Setting Up an Nvidia GPU Node on k3s with Nvidia GPU Operator

This guide provides detailed steps on how to configure and run an Nvidia GPU node in a k3s cluster using the Nvidia GPU Operator. This setup allows you to leverage GPU resources for Kubernetes workloads.

Prerequisites

k3s Cluster: You must have a k3s cluster already running. If not, you can install it following the official k3s installation guide.
Nvidia GPU: Ensure that the node has an Nvidia GPU installed.
Nvidia Drivers: Nvidia drivers should be installed on the node where the GPU is located.

Step 1: Install the Nvidia GPU Operator

The Nvidia GPU Operator simplifies the management of GPU devices in Kubernetes environments.

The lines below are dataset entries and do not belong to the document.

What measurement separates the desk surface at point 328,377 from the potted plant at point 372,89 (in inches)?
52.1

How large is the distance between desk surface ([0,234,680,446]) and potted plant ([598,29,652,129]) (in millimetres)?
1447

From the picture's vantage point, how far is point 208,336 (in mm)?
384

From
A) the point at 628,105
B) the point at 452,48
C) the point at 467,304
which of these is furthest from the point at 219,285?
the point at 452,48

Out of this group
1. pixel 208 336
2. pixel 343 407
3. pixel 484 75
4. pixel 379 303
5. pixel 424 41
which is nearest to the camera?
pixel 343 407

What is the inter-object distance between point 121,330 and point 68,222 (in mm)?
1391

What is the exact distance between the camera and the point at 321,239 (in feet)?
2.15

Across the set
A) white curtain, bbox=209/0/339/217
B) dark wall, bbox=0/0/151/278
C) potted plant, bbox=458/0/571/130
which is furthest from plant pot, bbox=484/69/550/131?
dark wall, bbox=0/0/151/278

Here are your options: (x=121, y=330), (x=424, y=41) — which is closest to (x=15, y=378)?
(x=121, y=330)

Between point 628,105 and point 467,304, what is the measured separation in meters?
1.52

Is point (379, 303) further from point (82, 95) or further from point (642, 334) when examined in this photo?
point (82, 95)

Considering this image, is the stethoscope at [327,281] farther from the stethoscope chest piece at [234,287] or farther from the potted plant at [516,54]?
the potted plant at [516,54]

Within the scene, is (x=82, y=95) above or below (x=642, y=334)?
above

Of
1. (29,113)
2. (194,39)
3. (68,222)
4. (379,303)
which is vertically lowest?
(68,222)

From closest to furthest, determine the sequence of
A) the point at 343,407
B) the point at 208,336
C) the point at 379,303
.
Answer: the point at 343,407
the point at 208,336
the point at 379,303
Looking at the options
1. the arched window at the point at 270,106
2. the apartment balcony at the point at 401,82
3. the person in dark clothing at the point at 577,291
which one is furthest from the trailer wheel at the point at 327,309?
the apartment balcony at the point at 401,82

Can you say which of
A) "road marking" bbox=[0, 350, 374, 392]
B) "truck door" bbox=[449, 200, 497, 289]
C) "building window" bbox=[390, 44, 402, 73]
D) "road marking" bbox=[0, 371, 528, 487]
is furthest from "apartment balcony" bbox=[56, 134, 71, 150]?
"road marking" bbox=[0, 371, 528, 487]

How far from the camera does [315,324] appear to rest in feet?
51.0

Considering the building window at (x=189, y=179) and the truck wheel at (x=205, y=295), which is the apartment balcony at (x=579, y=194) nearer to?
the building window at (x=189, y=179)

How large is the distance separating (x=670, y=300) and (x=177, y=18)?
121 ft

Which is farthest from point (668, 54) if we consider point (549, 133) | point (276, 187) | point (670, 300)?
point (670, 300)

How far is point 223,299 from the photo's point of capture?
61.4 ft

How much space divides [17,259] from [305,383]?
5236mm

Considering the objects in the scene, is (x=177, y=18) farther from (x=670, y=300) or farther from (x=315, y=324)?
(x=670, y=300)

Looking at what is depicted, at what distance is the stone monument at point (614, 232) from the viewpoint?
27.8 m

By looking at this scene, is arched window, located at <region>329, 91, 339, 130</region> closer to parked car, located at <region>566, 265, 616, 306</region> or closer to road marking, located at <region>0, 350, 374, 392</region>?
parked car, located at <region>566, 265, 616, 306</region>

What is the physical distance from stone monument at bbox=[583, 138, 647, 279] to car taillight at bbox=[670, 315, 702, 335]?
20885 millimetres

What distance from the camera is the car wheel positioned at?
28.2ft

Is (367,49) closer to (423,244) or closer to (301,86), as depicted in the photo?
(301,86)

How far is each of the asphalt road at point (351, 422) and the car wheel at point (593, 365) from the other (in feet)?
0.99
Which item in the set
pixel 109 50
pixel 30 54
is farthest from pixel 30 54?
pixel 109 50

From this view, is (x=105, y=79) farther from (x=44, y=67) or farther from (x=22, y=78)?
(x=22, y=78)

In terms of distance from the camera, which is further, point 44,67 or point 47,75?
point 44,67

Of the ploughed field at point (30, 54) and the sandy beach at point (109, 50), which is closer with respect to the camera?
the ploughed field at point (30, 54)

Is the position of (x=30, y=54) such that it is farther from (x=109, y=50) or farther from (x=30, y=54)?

Add the Nvidia GPU Operator repository to Helm:

helm repo add nvidia https://nvidia.github.io/gpu-operator
helm repo update

Install the Nvidia GPU Operator using Helm:

helm install --wait --generate-name nvidia/gpu-operator

Step 2: Configure k3s to Use the Nvidia GPU

To enable k3s to use the Nvidia GPU, some additional settings are required:

Label the GPU node: Label your GPU node so that the Nvidia GPU Operator can target it correctly.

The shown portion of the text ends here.